Tuesday, August 26, 2008

Del McCoury - Don't Stop the Music (1988)

After thirty years in the business, when most artists would start winding down, Del McCoury launched a new beginning with this outstanding hard-driving bluegrass album from the late 1980s. Don’t Stop the Music was the first Del McCoury release to feature both sons, Ronnie and Rob McCoury, and this album also features the twin fiddles of Jon Glik and Warren Blair, which contribute heavily to its traditional sound.

After his sons joined the band, Del changed the name of his group from The Dixie Pals to The Del McCoury Band, and this group dominated the bluegrass scene of the 1990s, putting on some of the best live performances I’ve ever seen in any style of music. While the oldest and more naturally gifted son Ronnie had blossomed into a brilliant mandolin player and formidable singer by the late 80s, teenage Robbie had yet to reach the height of his skills and his banjo understandably takes a backseat on this recording. My favorite cuts on Don't Stop the Music are probably “I Feel the Blues Moving In” and “Don’t Our Love Look Natural,” but every song features the impeccable high lonesome harmonies and disciplined yet adventerous soloing that you would expect from the Del McCoury Band. Del and the boys are also very good at adapting non-bluegrass material to their distinctive style and their rendition of the George Jones title track is better than the original.

Good bluegrass music is filled with excitement and intensity, and the Del McCoury Band plays some of the best bluegrass music ever made.

AMG Rating: ****1/2
My Rating: ****

Saturday, August 16, 2008

Tony Rice - California Autumn (1975)

California Autumn is a bit of a sleeper in the Tony Rice catalogue. The album presents many different sides of Tony, as he was defining his style in the mid 1970s. We hear the singer-songwriter (“California Autumn”), the interpretive singer (“Georgia on My Mind”), the traditional bluegrass artist (“Good Woman’s Love,” “You Don’t Know My Mind”), and the innovative flatpicker (“Red Haired Boy”). Tony has rarely sang better than he does on this album and his talents as a vocalist more than make up for his limitations as a songwriter. I think the album’s biggest flaw is that it simply doesn’t flow very well.

The guitar playing on California Autumn is as solid as you would expect, though John Starling's production is rather flat when compared to Tony's later albums. I think the instrumental with the best picking is probably “Red Haired Boy,” which includes many of Tony’s trademark licks and is a staple of his live performances. Side A of the original LP ends with an excellent cover of Bill Monroe’s “Good Woman’s Love,” which features nice harmony vocals from Ricky Skaggs and a slight change to the melody that suits the song well.
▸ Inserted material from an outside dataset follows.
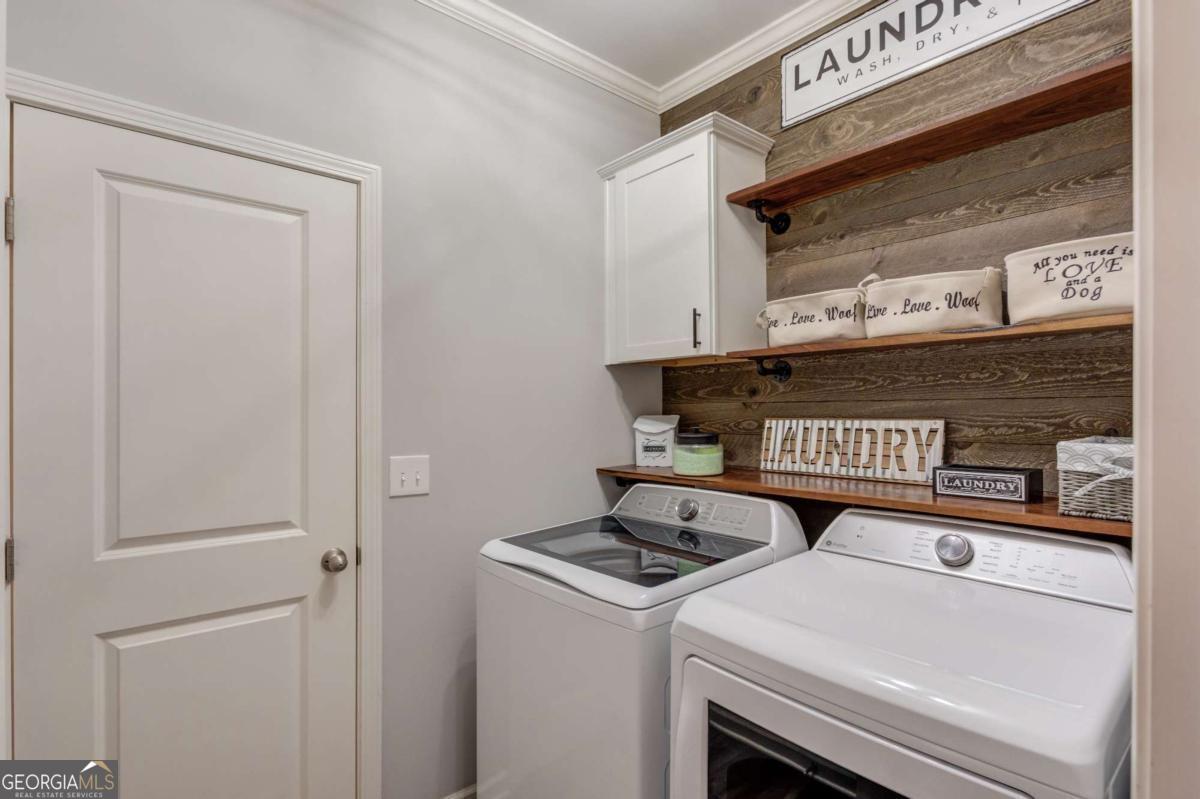 1272 Chester Way Hoschton GA 30548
Tony is backed on this recording by Seldom Scene members Tom Gray, Mike Auldridge, and Ben Eldridge, and this gives it a bit of a Seldom Scene vibe, particularly with the distinctive dobro playing of Mike Auldridge ringing throughout each tune. Despite the fact that Tony recorded better music with super-pickers like Sam Bush, David Grisman, and Jerry Douglas, this line-up is intriguing for its uniqueness when compared to the rest of Tony’s albums. Basically, California Autumn sounds like Tony sitting in with the Seldom Scene and the overall feel is softer and less jazz-oriented than a session with Bush, Douglas and/or David Grisman would have been. Regardless of the fact that Tony achieved greater heights a few years later, California Autumn is an enjoyable listen and is well worth owning.

AMG Rating: ***
My Rating: ***1/2

Norman Blake - Live at McCabe's (1976)

This intimate, laid-back live album from the mid 1970s documents Norman’s first West Coast appearance and captures this great artist in his prime. There is some astounding unaccompanied flatpicking on Live at McCabe's, as well as some pretty cello playing from Nancy Blake with Norman accompanying her on fiddle or guitar, depending on the track.

When I first heard Live at McCabe’s, I wasn’t sure what to think about the constant soloing but as I listen to it now I amazed by Norman’s impeccable sense of timing and the way his guitar runs last forever. I also love the clarity of his playing; each string rings out like a bell. Norman is all over the fretboard on this recording, and his always tasteful soloing is more adventurous and more plentiful on Live at McCabe’s than on any of his contemporary albums. Norman’s arrangement of “John Hardy” is actually quite beautiful and, to my knowledge, this is the only time he recorded it.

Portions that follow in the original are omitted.